Crawled caption data –
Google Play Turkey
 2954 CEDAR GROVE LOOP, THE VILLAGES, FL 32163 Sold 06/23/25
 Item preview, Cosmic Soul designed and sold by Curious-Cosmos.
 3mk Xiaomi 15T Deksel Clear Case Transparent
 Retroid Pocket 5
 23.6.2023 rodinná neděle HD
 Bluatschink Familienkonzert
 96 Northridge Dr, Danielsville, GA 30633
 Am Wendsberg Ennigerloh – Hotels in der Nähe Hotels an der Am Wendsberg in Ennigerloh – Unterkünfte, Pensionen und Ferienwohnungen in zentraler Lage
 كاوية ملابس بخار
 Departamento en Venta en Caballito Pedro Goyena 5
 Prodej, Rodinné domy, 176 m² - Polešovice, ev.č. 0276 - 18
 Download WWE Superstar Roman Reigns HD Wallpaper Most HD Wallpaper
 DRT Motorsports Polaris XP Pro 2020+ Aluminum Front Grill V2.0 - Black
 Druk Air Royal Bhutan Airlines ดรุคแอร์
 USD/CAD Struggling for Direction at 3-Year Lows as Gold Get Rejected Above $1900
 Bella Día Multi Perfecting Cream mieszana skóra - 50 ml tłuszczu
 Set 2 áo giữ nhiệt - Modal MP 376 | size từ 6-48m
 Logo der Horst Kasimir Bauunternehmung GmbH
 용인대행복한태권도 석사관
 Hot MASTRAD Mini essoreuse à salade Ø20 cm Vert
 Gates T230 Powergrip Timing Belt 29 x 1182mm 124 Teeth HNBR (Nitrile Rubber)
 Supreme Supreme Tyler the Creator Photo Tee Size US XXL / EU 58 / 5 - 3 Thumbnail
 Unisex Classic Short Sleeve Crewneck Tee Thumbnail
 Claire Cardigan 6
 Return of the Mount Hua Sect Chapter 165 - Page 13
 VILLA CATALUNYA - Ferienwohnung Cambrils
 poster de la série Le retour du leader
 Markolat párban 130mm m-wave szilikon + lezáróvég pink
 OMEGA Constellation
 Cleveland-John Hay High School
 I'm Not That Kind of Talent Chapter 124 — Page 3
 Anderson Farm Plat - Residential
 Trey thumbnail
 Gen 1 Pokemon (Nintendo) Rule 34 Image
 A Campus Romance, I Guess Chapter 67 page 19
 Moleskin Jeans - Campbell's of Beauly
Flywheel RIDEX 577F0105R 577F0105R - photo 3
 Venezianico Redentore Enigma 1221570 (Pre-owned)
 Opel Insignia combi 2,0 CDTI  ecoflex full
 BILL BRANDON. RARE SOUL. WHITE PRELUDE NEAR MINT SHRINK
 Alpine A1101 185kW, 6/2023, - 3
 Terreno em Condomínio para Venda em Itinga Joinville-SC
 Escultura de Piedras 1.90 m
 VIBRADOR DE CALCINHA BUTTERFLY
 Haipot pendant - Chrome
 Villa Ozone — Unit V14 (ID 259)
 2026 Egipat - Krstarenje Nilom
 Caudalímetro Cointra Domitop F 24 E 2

ABOUT THIS TASK – Copy every line of the data above, beginning with the first and ending with the line that contains "Bluatschink Familienkonzert", and give nothing more.

WRITTEN ANSWER –
Google Play Turkey
 2954 CEDAR GROVE LOOP, THE VILLAGES, FL 32163 Sold 06/23/25
 Item preview, Cosmic Soul designed and sold by Curious-Cosmos.
 3mk Xiaomi 15T Deksel Clear Case Transparent
 Retroid Pocket 5
 23.6.2023 rodinná neděle HD
 Bluatschink Familienkonzert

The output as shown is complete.